プレートと本人をそれぞれ鑑定し、プレートの誤表示を確認したら新しいプレートに交換してくれるらしい。プレートは徴税にも使われており、国から補助金がどうたらこうたらと丁寧に説明してくれた。

まずはプレートの鑑定だ。


「高いところから落としました…」


プレートを差し出すと、表示を確認する。

名前は表示なし。

数値はオールゼロ。


さて、ステータスプレートの異常表示についての鑑定は終了。

続いて、俺自身の鑑定。ここで問題発生。


「では、ステータスを鑑定します」


名前→なし。

魔法・スキル・称号→なし。

ステータス補正→なし。

HP→なし。

MP→なし。


まずチートなし。これはしょうがない。チートとはズルだ。無くて普通。

そして魔法やスキルが無い。これもこの世界の一般人モブとしては普通だそうだ。

ここまでは受け入れよう。俺も元々凡人モブだ。そんなもんだ。


問題は「ステータス補正なし」だ。

この世界では全員が神のギフトとして「ステータス値」を持ち、その恩恵を受けているという。
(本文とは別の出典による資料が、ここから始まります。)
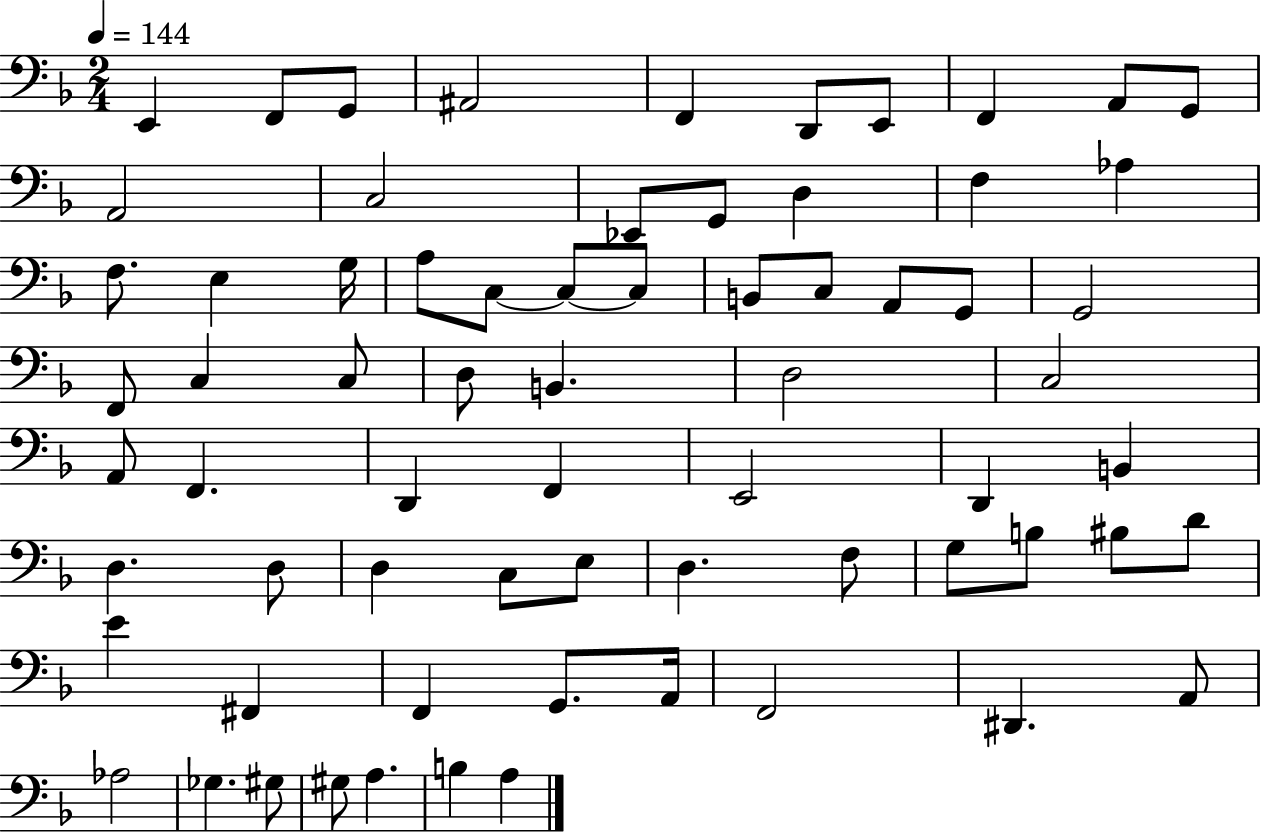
{
  \clef bass
  \numericTimeSignature
  \time 2/4
  \key f \major
  \tempo 4 = 144
  e,4 f,8 g,8 | ais,2 | f,4 d,8 e,8 | f,4 a,8 g,8 | \break a,2 | c2 | ees,8 g,8 d4 | f4 aes4 | \break f8. e4 g16 | a8 c8~~ c8~~ c8 | b,8 c8 a,8 g,8 | g,2 | \break f,8 c4 c8 | d8 b,4. | d2 | c2 | \break a,8 f,4. | d,4 f,4 | e,2 | d,4 b,4 | \break d4. d8 | d4 c8 e8 | d4. f8 | g8 b8 bis8 d'8 | \break e'4 fis,4 | f,4 g,8. a,16 | f,2 | dis,4. a,8 | \break aes2 | ges4. gis8 | gis8 a4. | b4 a4 | \break \bar "|."
} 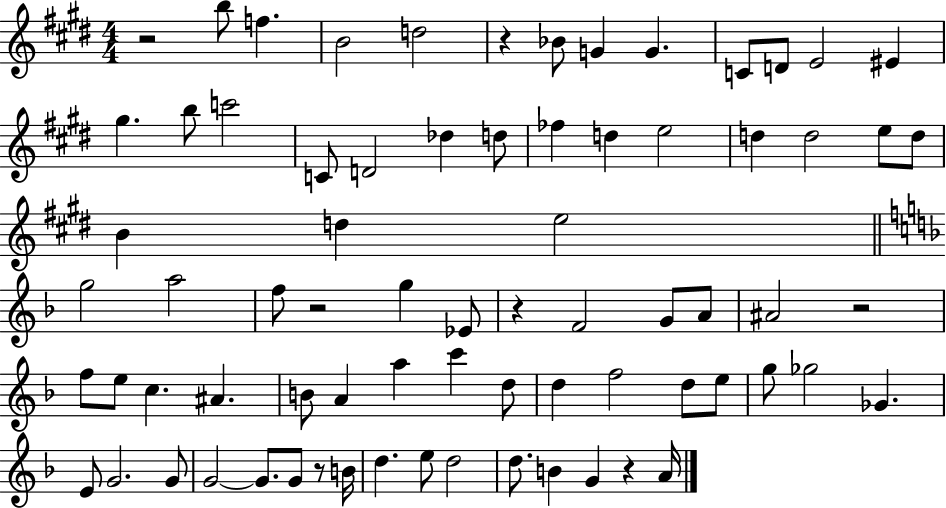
{
  \clef treble
  \numericTimeSignature
  \time 4/4
  \key e \major
  \repeat volta 2 { r2 b''8 f''4. | b'2 d''2 | r4 bes'8 g'4 g'4. | c'8 d'8 e'2 eis'4 | \break gis''4. b''8 c'''2 | c'8 d'2 des''4 d''8 | fes''4 d''4 e''2 | d''4 d''2 e''8 d''8 | \break b'4 d''4 e''2 | \bar "||" \break \key f \major g''2 a''2 | f''8 r2 g''4 ees'8 | r4 f'2 g'8 a'8 | ais'2 r2 | \break f''8 e''8 c''4. ais'4. | b'8 a'4 a''4 c'''4 d''8 | d''4 f''2 d''8 e''8 | g''8 ges''2 ges'4. | \break e'8 g'2. g'8 | g'2~~ g'8. g'8 r8 b'16 | d''4. e''8 d''2 | d''8. b'4 g'4 r4 a'16 | \break } \bar "|."
} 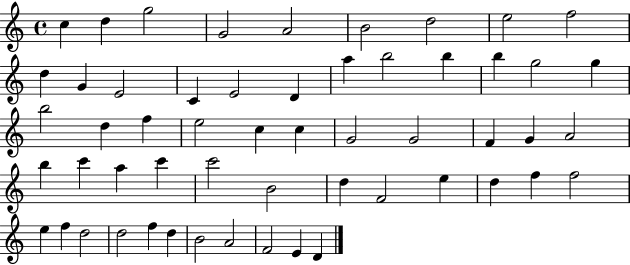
{
  \clef treble
  \time 4/4
  \defaultTimeSignature
  \key c \major
  c''4 d''4 g''2 | g'2 a'2 | b'2 d''2 | e''2 f''2 | \break d''4 g'4 e'2 | c'4 e'2 d'4 | a''4 b''2 b''4 | b''4 g''2 g''4 | \break b''2 d''4 f''4 | e''2 c''4 c''4 | g'2 g'2 | f'4 g'4 a'2 | \break b''4 c'''4 a''4 c'''4 | c'''2 b'2 | d''4 f'2 e''4 | d''4 f''4 f''2 | \break e''4 f''4 d''2 | d''2 f''4 d''4 | b'2 a'2 | f'2 e'4 d'4 | \break \bar "|."
} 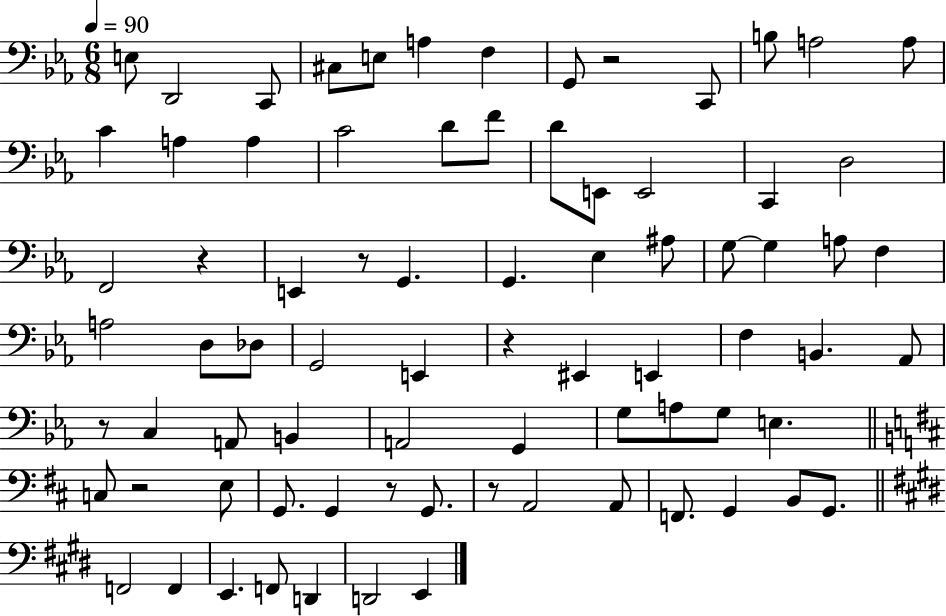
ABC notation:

X:1
T:Untitled
M:6/8
L:1/4
K:Eb
E,/2 D,,2 C,,/2 ^C,/2 E,/2 A, F, G,,/2 z2 C,,/2 B,/2 A,2 A,/2 C A, A, C2 D/2 F/2 D/2 E,,/2 E,,2 C,, D,2 F,,2 z E,, z/2 G,, G,, _E, ^A,/2 G,/2 G, A,/2 F, A,2 D,/2 _D,/2 G,,2 E,, z ^E,, E,, F, B,, _A,,/2 z/2 C, A,,/2 B,, A,,2 G,, G,/2 A,/2 G,/2 E, C,/2 z2 E,/2 G,,/2 G,, z/2 G,,/2 z/2 A,,2 A,,/2 F,,/2 G,, B,,/2 G,,/2 F,,2 F,, E,, F,,/2 D,, D,,2 E,, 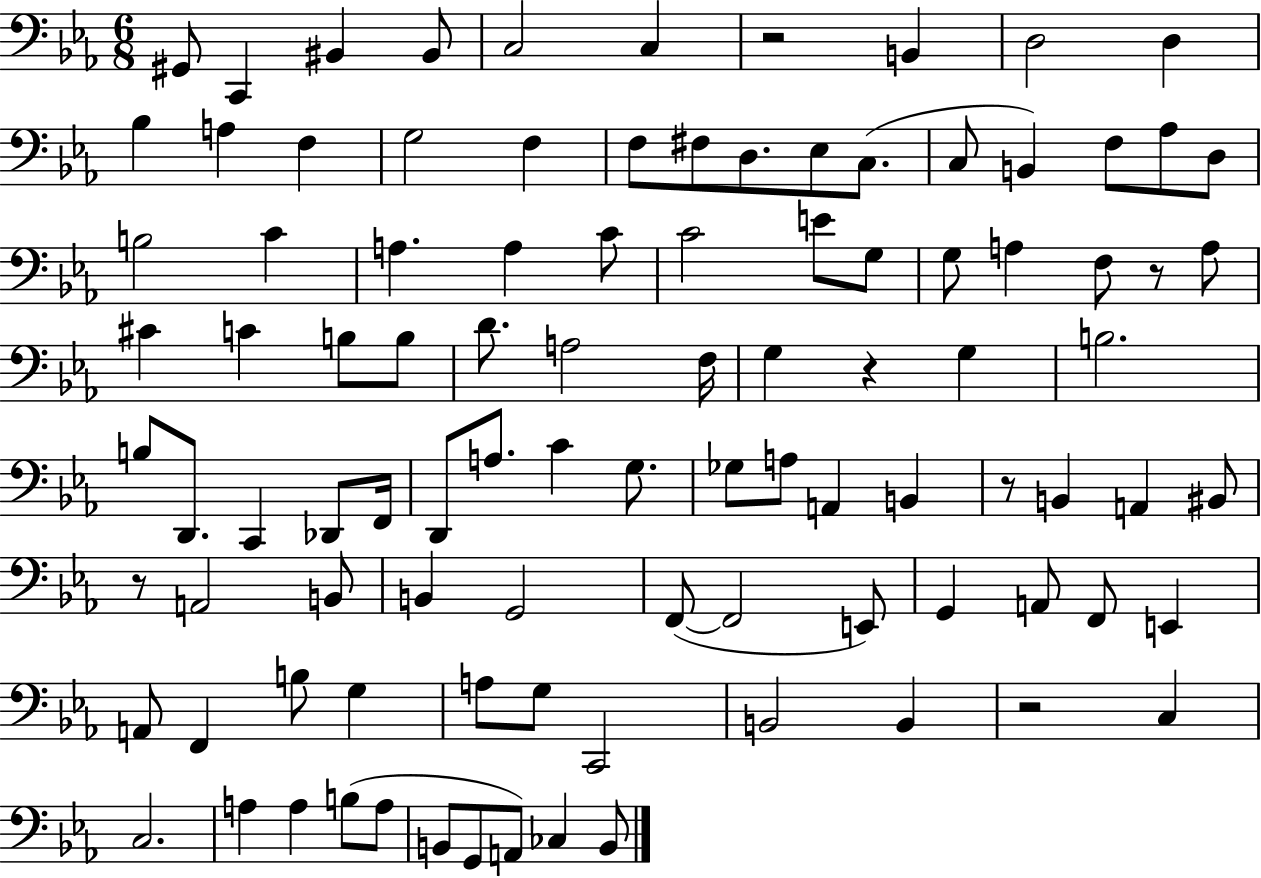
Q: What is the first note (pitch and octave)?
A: G#2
俺はステータス値オールゼロ。つまり…余裕で世界最弱確定。

世界最底辺のゴミ虫、それが俺。…受け入れたくない。


そして、それをさらに上回る大問題なのが、HPゼロだ。

MPゼロはわかるよ。魔法もスキルも使えないし。

HPゼロってどういうことよ。ちょっと意味が分からない。

故障の誤表示じゃなくて、ガチで俺のHPがゼロってことか?


鑑定師君が、解説してくれる。

「HPゼロだと、まあ、普通死にますよね。」

わかる。普通そうだよね。すごく理解できる。

「HPゼロでも動いてるのは、ゾンビとかスケルトンとか…まあアンデッドですね」

わかる。普通そうだよね。すごく理解できる。

「副業で鑑定師やってますが、私、この寺院の司教ビショップでして。アンデッドを浄化できるんです。」

ゾンビ、チガウ!オレ、ニンゲン!

なんか俺、モブより弱いクソ貧弱な上に、アンデッド疑惑までかけられちゃって笑える。どうしてこうなった…。


鑑定師君もとい司祭様が、浄化魔法の詠唱を始める。ウソだろ俺成仏しちゃう…。

すごいピンチなんですけど!


***

(注)

主人公は、最後までのままです。

本作品は「チート無双」とは対極の物語となっております。

***

脚注 「寺院」

「神」を信仰する宗教の寺院。信者は人間族の割合が多く、そのため聖職者も多くは人間族。一神教。というか多神教という概念がこの世界には無い。

鑑定や解呪、浄化などの窓口があり、国からプレート再発行業務の委託を受けている。そのため信者以外の利用者も多い。宗派は「主流派」と「不可知派」におおきく分類される。宗教のシンボルマークは漢字の「神」。